[Scraped caption text data]
<<<<
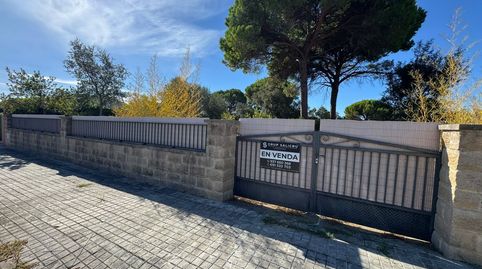 Foto 2 de Residencial en venda a Niàgara Parc - Ágora Parc, Tordera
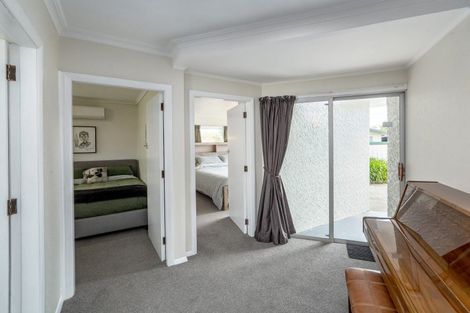 Photo of property in 26 Costley Street, Carterton, 5713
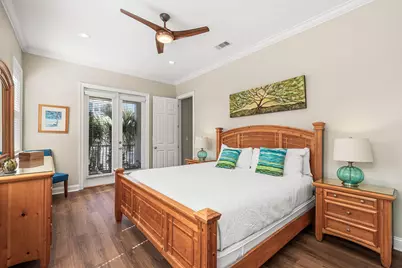 8 Beach Bike Way, Santa Rosa Beach, FL 32459 - Photo 32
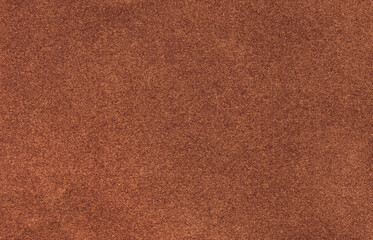 Fototapeta premium Background texture bronze copper. Old Paper Texture. cardboard paper texture background. Cooper. bronze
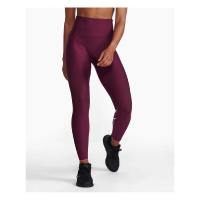 ราคา 2XU-AERO SCULPT HI-RISE COMPTIGHTS Women (7997802578109)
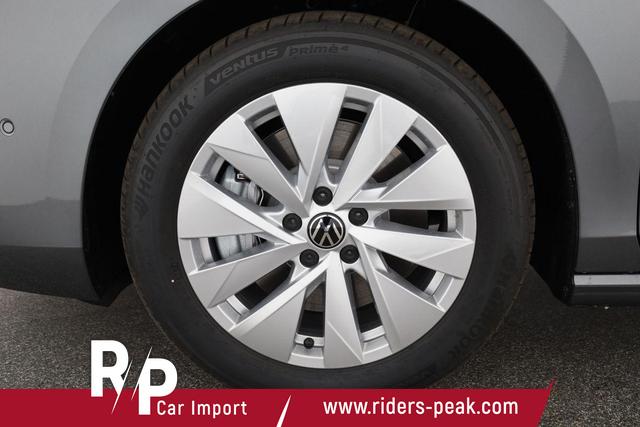 Volkswagen Passat Variant 1.5 TSI eHybrid 150 kW Business Business, IQ.Light, AHK, Winter plus, Akustik, Navi, sofort 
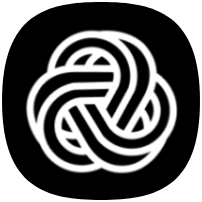OpenChat icon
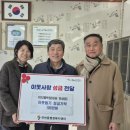 연천목장 미디어투데이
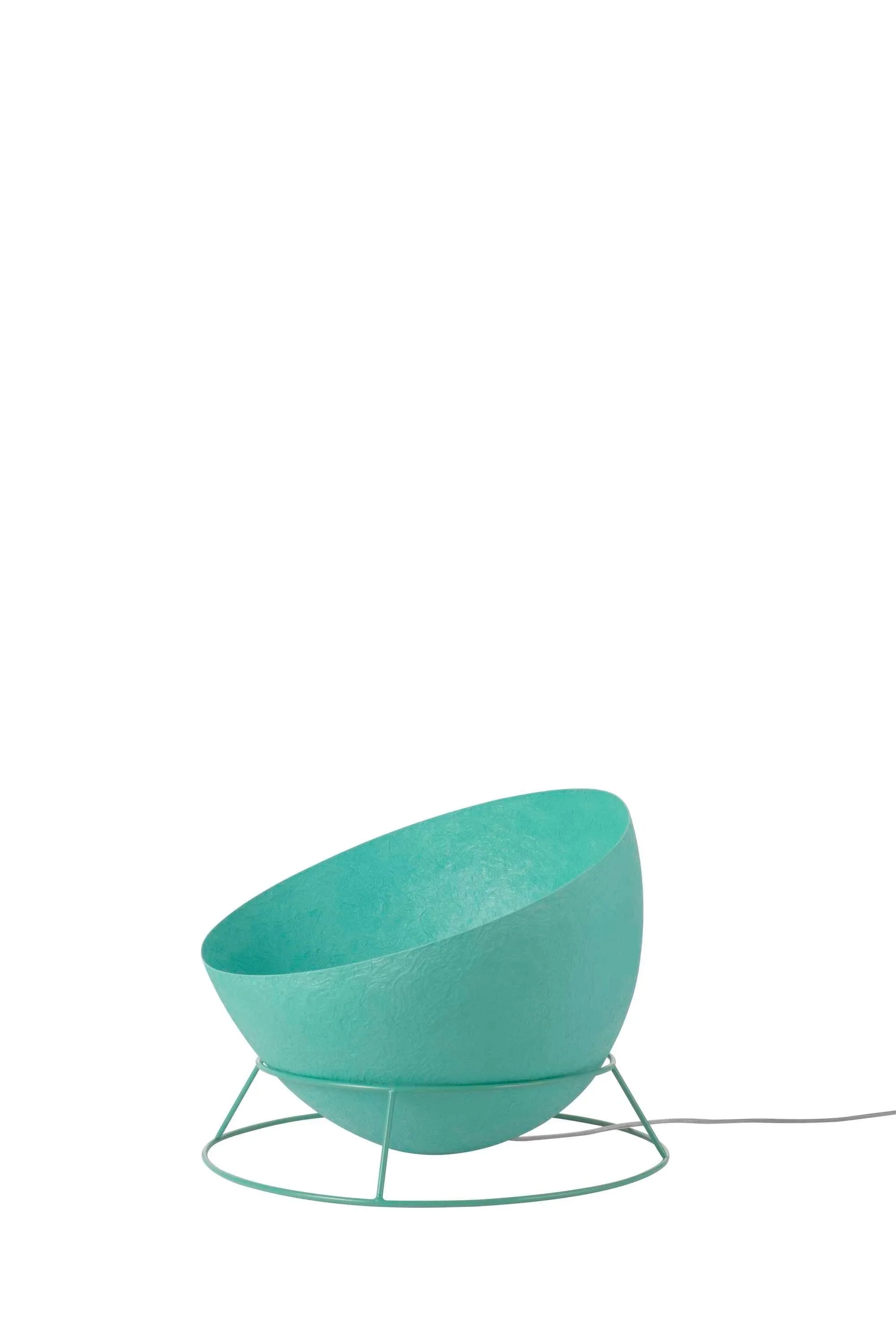 Lampadar H2O F Nebulite by In-Es.Artdesign - PARIS14A.RO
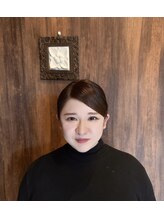 アジアンリラクゼーションヴィラ 米子店(asian relaxation villa)&nbsp;春 木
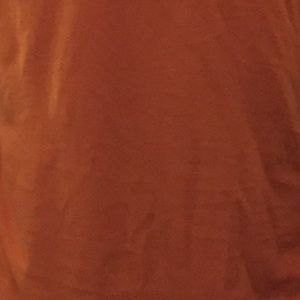 Meet your Posher, Dylan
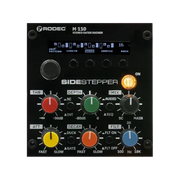 Rodec M-110 SideStepper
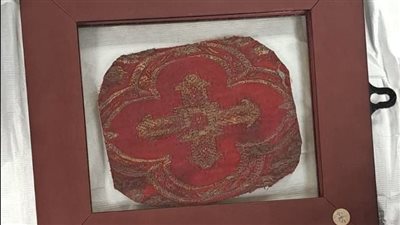 مصر تسترد 20 قطعة أثرية من أستراليا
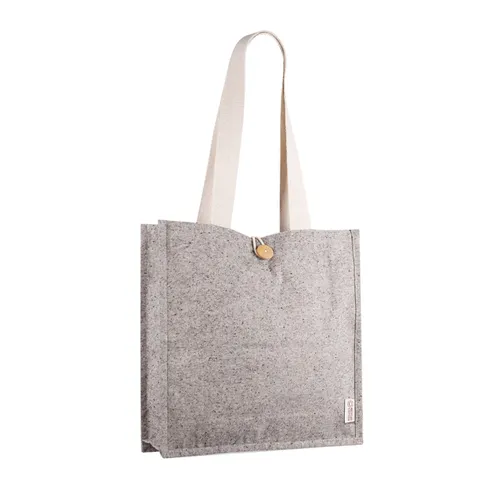Sac Puku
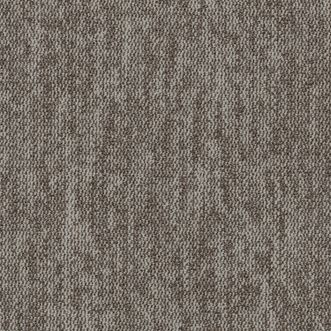 Shaw Grounded Spaces Disconnect Tile 5T685 Range Disconnect Tawny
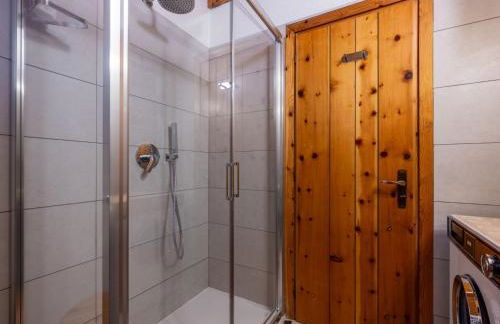 Apartment Gag Derby Apartment by Interhome - Photo 20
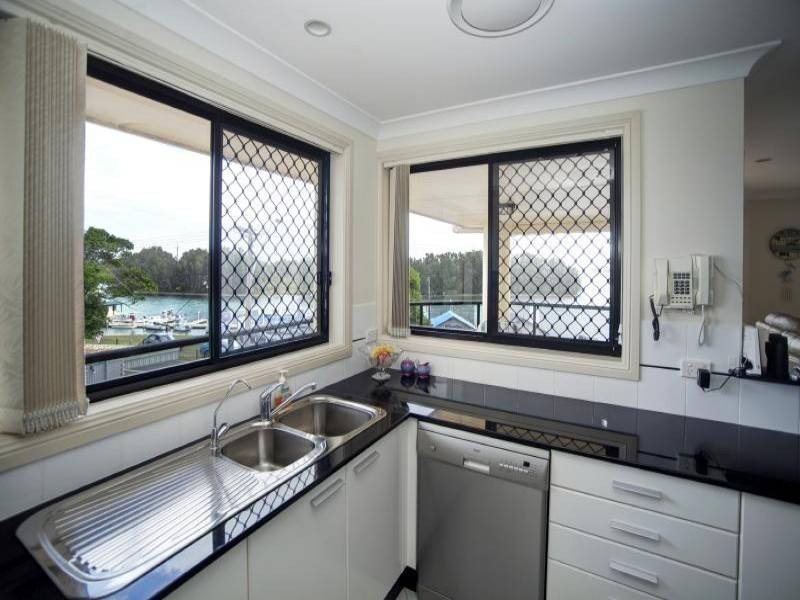 7/84 Little Street, Forster NSW 2428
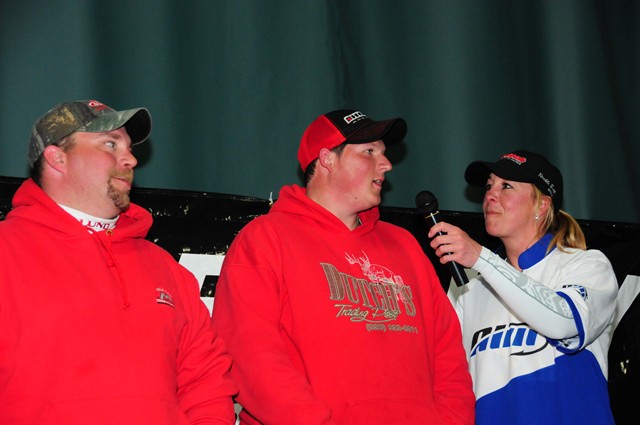 3FC9B03F-0570-4038-8424-5169EECD1E24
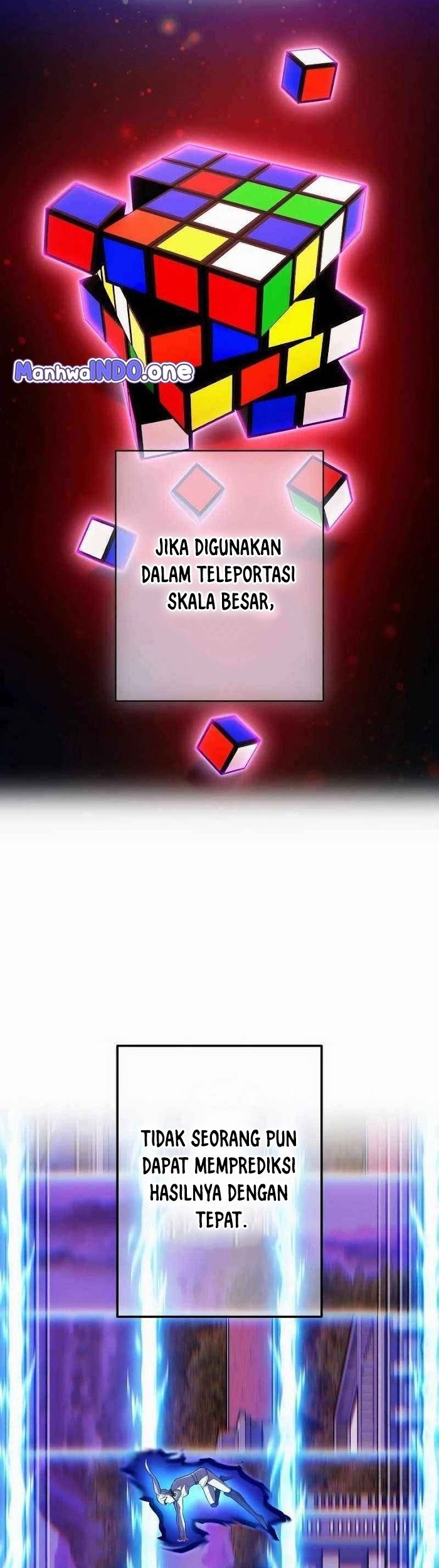 Halaman 47
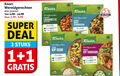 klik op dit plaatje voor een vergroting en voor vergelijkbare aanbiedingen gerelateerd aan ` 1 2 200 250 knorr wereldgerechten soorten 5.99 super deal stuks italiaanse lasagnette napoletana belofte groente natuurlijke chinese beef shanghai porties thaise kip siam indiase tandoori 100g 3 spa zegels walk ` 1 2 200 250 knorr wereldgerechten soorten 5.99 super deal stuks italiaanse lasagnette napoletana belofte groente natuurlijke chinese beef shanghai porties thaise kip siam indiase tandoori 100g 3 spa zegels walk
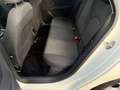 SEAT Leon 1.2 TSI Style CLIMA | CRUISE CONTROL | DEALER ONDE Wit - thumbnail 8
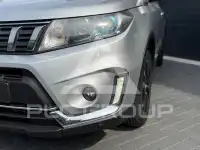2019 Suzuki Vitara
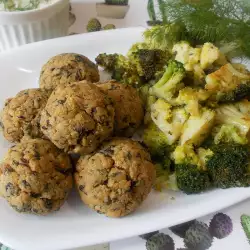 Recepti sa brokolijem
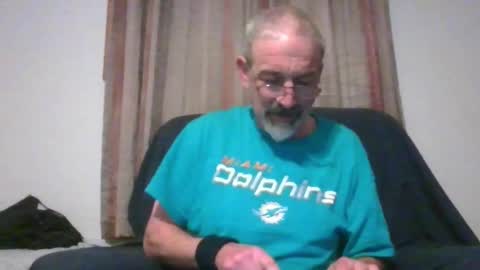 Jon online show from 02/22/25, 11:24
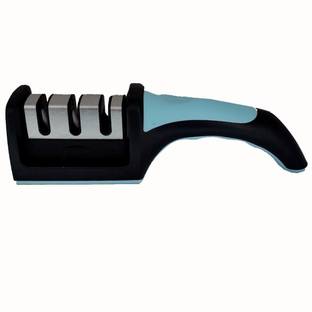Rowsley KSN22 Knife Honer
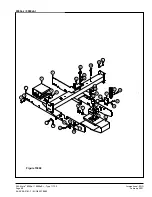 Предварительный просмотр 60 страницы 3M Matic 8000a-I Instructions And Parts List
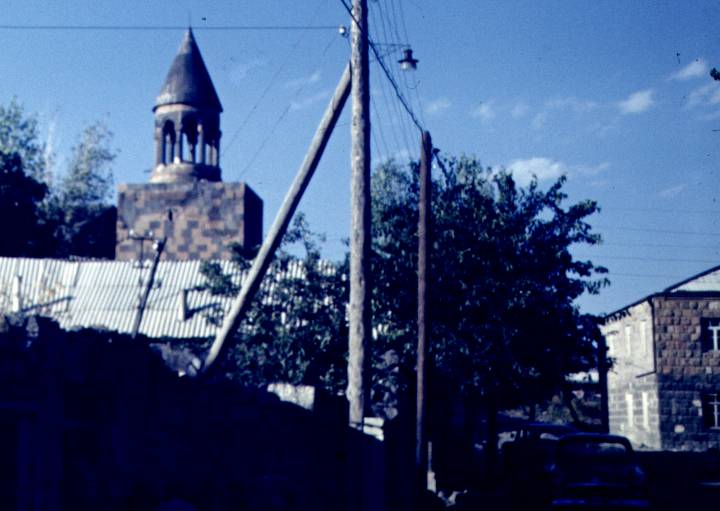 152-1.jpg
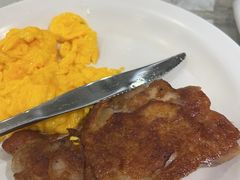 -翠华餐厅(正佳广场店)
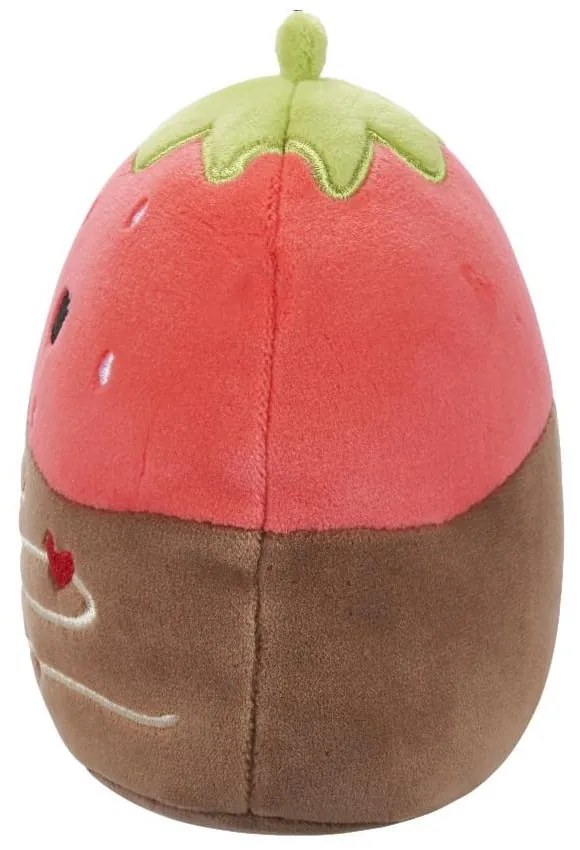 Jucării de pluș 2 buc. Scarlet – SQUISHMALLOWS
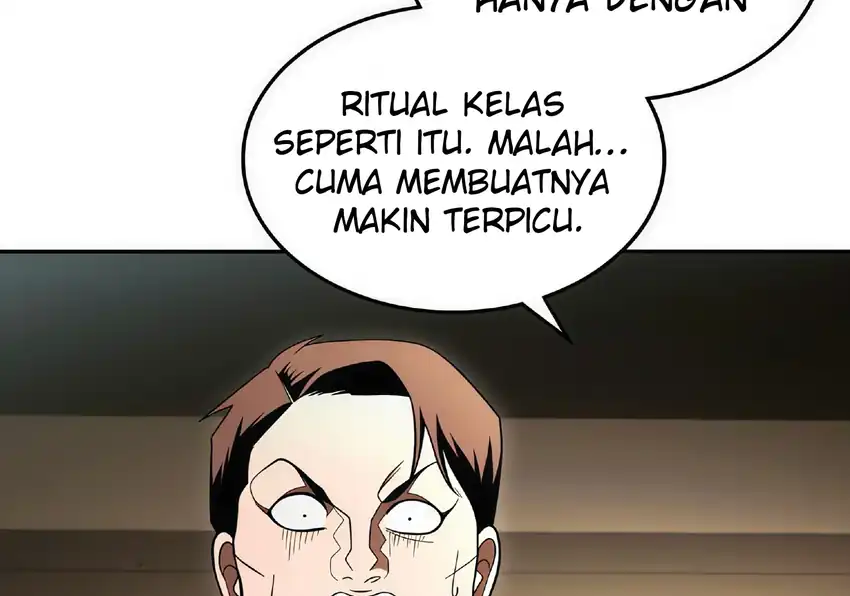 Plaything Bab 63 halaman 128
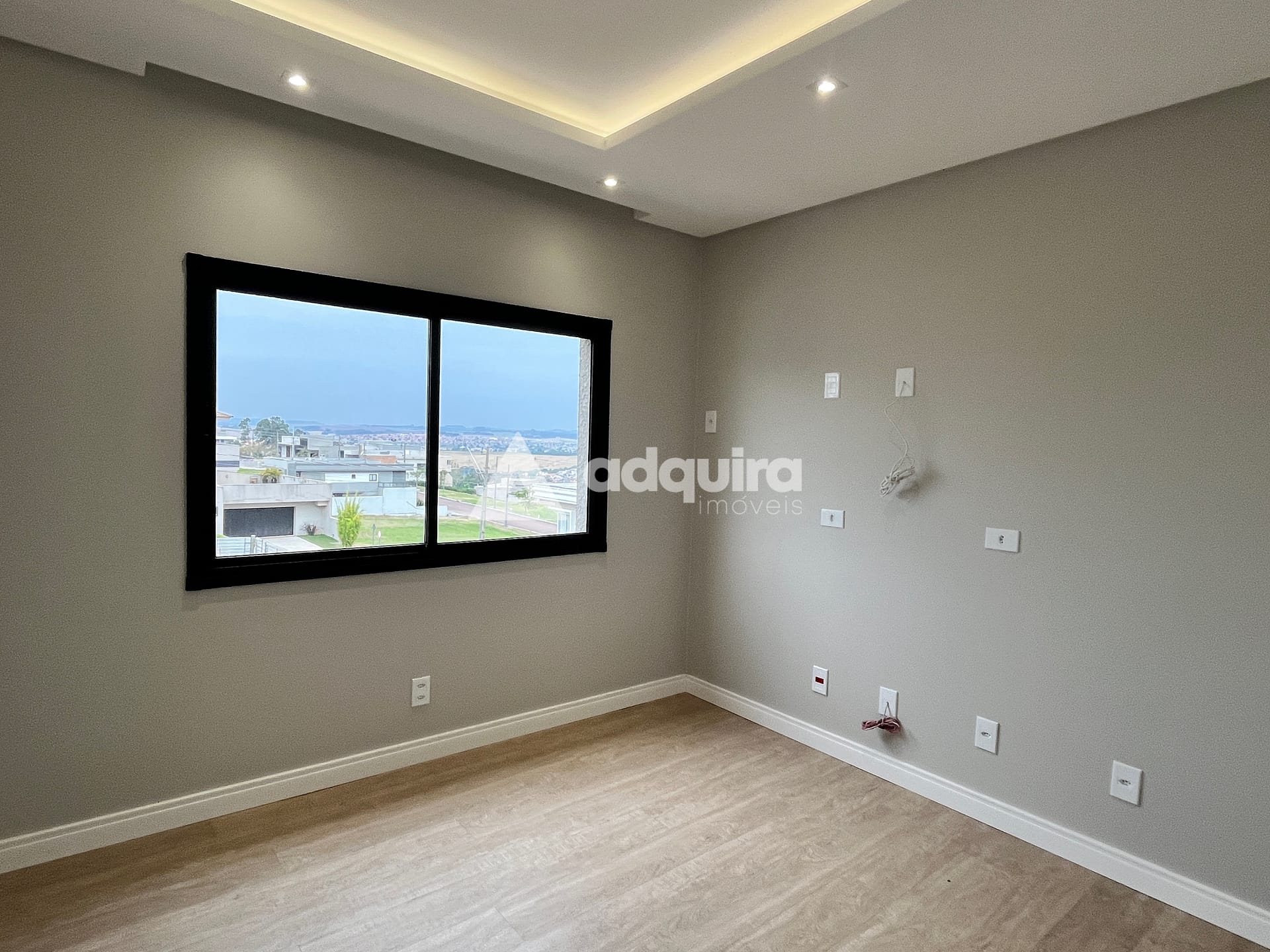 Casa, 3 quartos, 208 m² - Foto 18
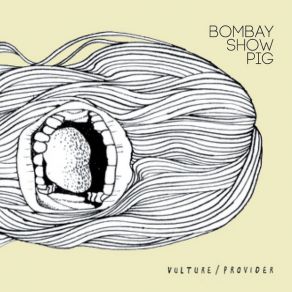 Download track Wires Bombay Show Pig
>>>>
Activity | Without any of its images, the data above should be returned exactly.

Expected answer |
 Foto 2 de Residencial en venda a Niàgara Parc - Ágora Parc, Tordera
 Photo of property in 26 Costley Street, Carterton, 5713
 8 Beach Bike Way, Santa Rosa Beach, FL 32459 - Photo 32
 Fototapeta premium Background texture bronze copper. Old Paper Texture. cardboard paper texture background. Cooper. bronze
 ราคา 2XU-AERO SCULPT HI-RISE COMPTIGHTS Women (7997802578109)
 Volkswagen Passat Variant 1.5 TSI eHybrid 150 kW Business Business, IQ.Light, AHK, Winter plus, Akustik, Navi, sofort 
OpenChat icon
 연천목장 미디어투데이
 Lampadar H2O F Nebulite by In-Es.Artdesign - PARIS14A.RO
 アジアンリラクゼーションヴィラ 米子店(asian relaxation villa)&nbsp;春 木
 Meet your Posher, Dylan
 Rodec M-110 SideStepper
 مصر تسترد 20 قطعة أثرية من أستراليا
Sac Puku
 Shaw Grounded Spaces Disconnect Tile 5T685 Range Disconnect Tawny
 Apartment Gag Derby Apartment by Interhome - Photo 20
 7/84 Little Street, Forster NSW 2428
 3FC9B03F-0570-4038-8424-5169EECD1E24
 Halaman 47
 klik op dit plaatje voor een vergroting en voor vergelijkbare aanbiedingen gerelateerd aan ` 1 2 200 250 knorr wereldgerechten soorten 5.99 super deal stuks italiaanse lasagnette napoletana belofte groente natuurlijke chinese beef shanghai porties thaise kip siam indiase tandoori 100g 3 spa zegels walk ` 1 2 200 250 knorr wereldgerechten soorten 5.99 super deal stuks italiaanse lasagnette napoletana belofte groente natuurlijke chinese beef shanghai porties thaise kip siam indiase tandoori 100g 3 spa zegels walk
 SEAT Leon 1.2 TSI Style CLIMA | CRUISE CONTROL | DEALER ONDE Wit - thumbnail 8
2019 Suzuki Vitara
 Recepti sa brokolijem
 Jon online show from 02/22/25, 11:24
Rowsley KSN22 Knife Honer
 Предварительный просмотр 60 страницы 3M Matic 8000a-I Instructions And Parts List
 152-1.jpg
 -翠华餐厅(正佳广场店)
 Jucării de pluș 2 buc. Scarlet – SQUISHMALLOWS
 Plaything Bab 63 halaman 128
 Casa, 3 quartos, 208 m² - Foto 18
 Download track Wires Bombay Show Pig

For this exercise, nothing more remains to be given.